• PROBLEM DETAILS: Each line of the material must be reproduced exactly; pictures stay out.

• RAW DATA:
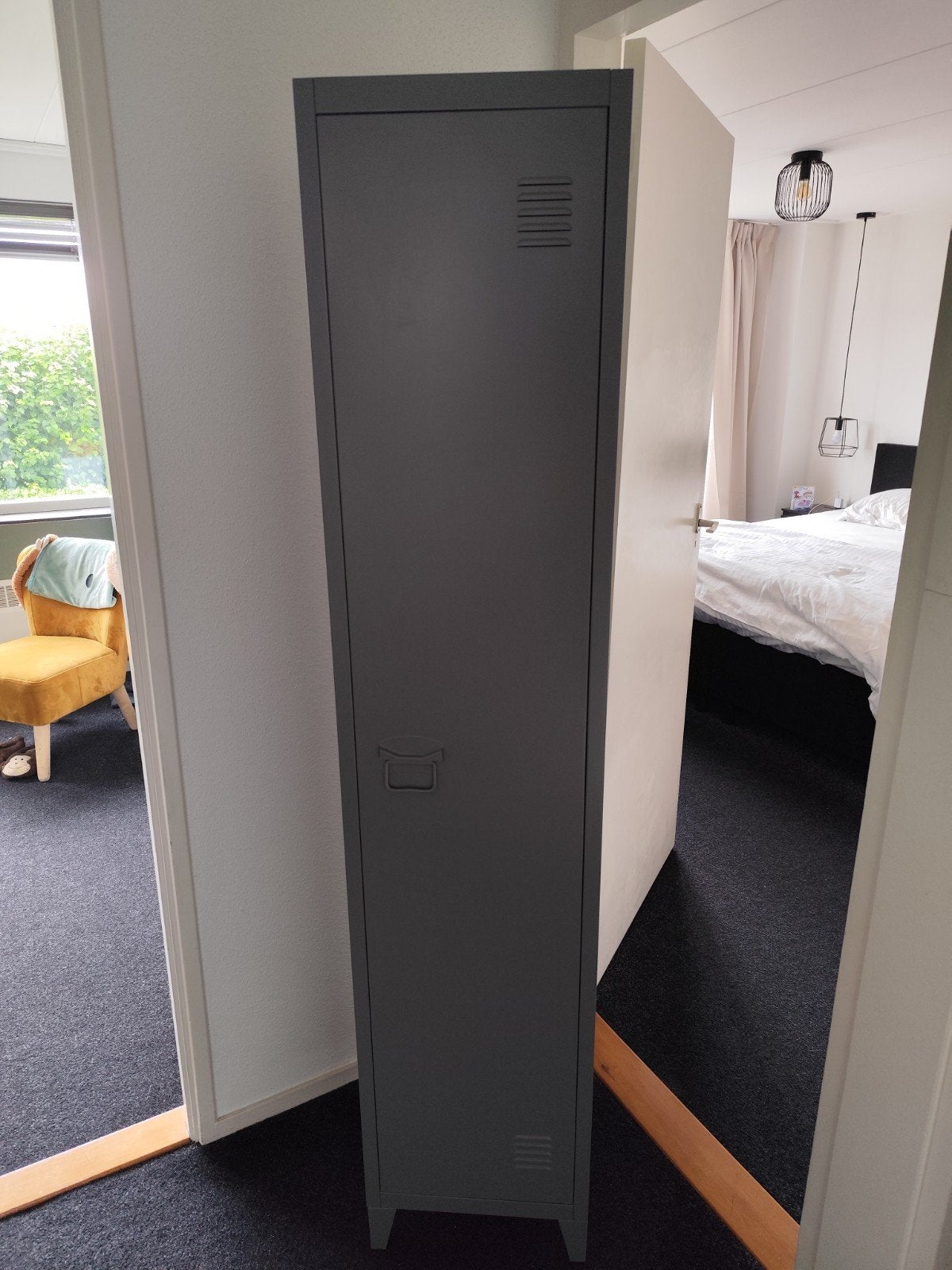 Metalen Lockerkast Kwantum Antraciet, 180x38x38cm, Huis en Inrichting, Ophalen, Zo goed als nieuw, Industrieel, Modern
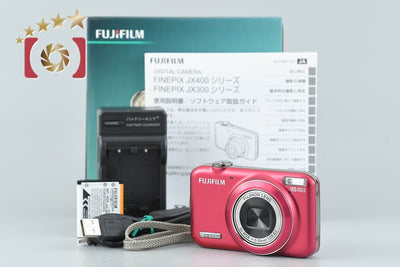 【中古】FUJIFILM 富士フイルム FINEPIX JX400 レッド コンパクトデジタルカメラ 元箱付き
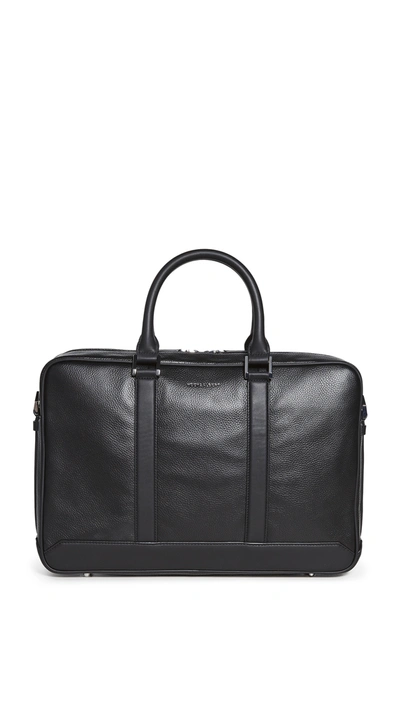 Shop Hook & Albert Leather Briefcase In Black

• OUTPUT OF THE EXERCISE:
 Metalen Lockerkast Kwantum Antraciet, 180x38x38cm, Huis en Inrichting, Ophalen, Zo goed als nieuw, Industrieel, Modern
 【中古】FUJIFILM 富士フイルム FINEPIX JX400 レッド コンパクトデジタルカメラ 元箱付き
 Shop Hook & Albert Leather Briefcase In Black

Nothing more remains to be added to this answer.